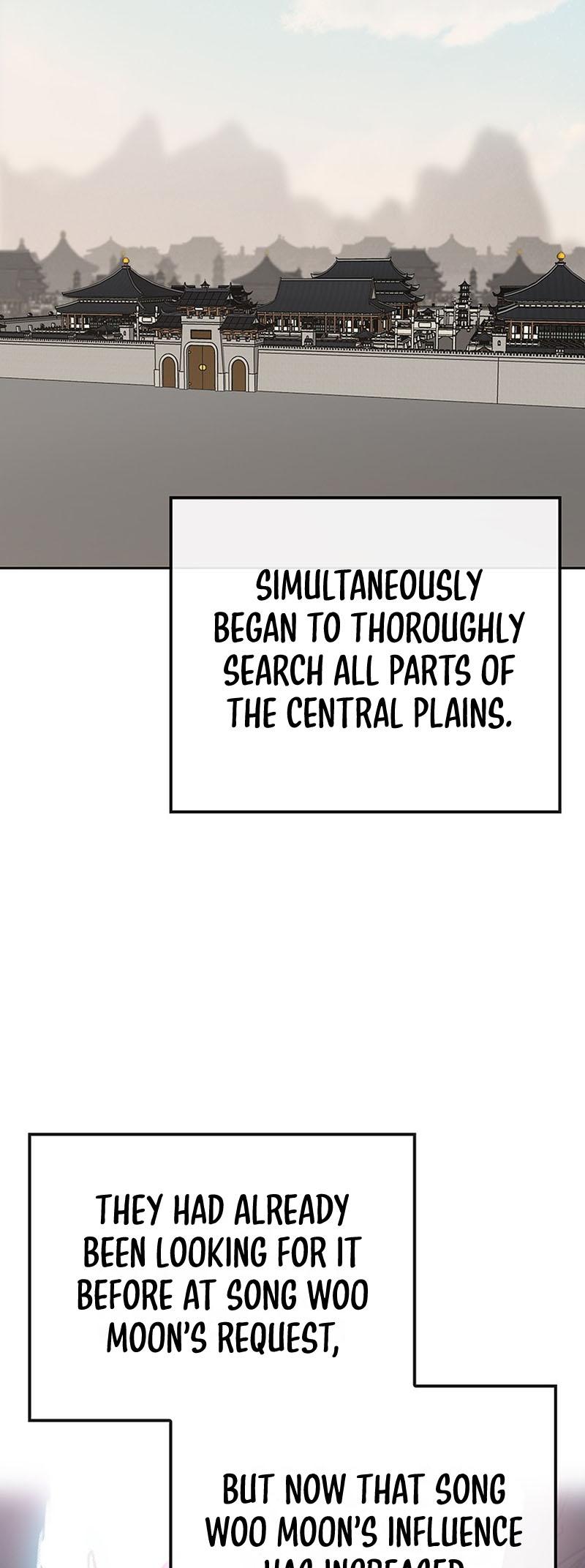 The Undefeatable Swordsman Chap 209 - Next Chap 210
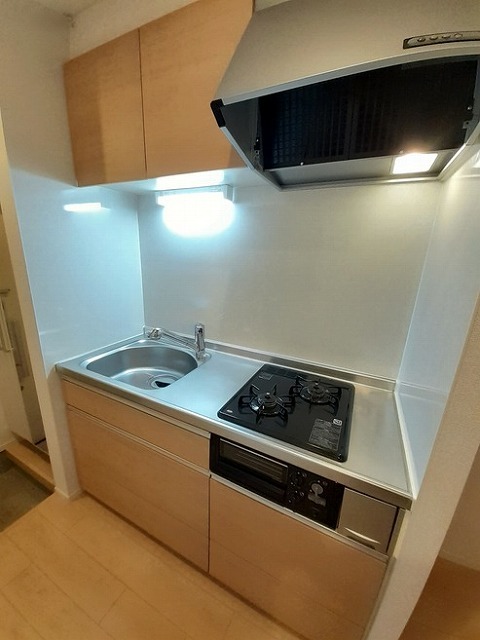 ラピュタテラスＡ キッチン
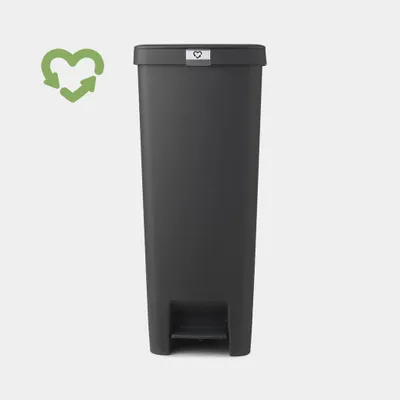 Zdjęcie produktu dla Brabantia - Kosz pedałowy StepUp 40L ciemnoszary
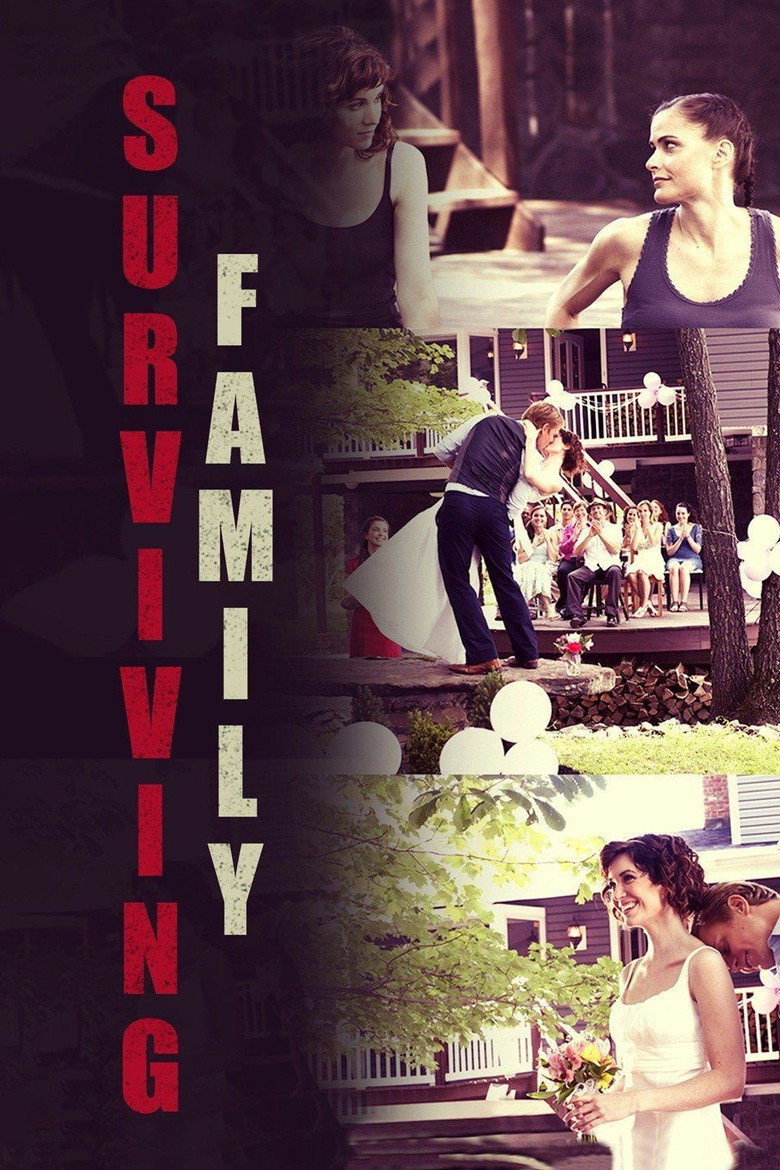 Surviving Family (2012) — affiche film et bande-annonce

• What you need to do: Reproduce the data above exactly, leaving out any picture in it.

• Problem solution:
 The Undefeatable Swordsman Chap 209 - Next Chap 210
 ラピュタテラスＡ キッチン
 Zdjęcie produktu dla Brabantia - Kosz pedałowy StepUp 40L ciemnoszary
 Surviving Family (2012) — affiche film et bande-annonce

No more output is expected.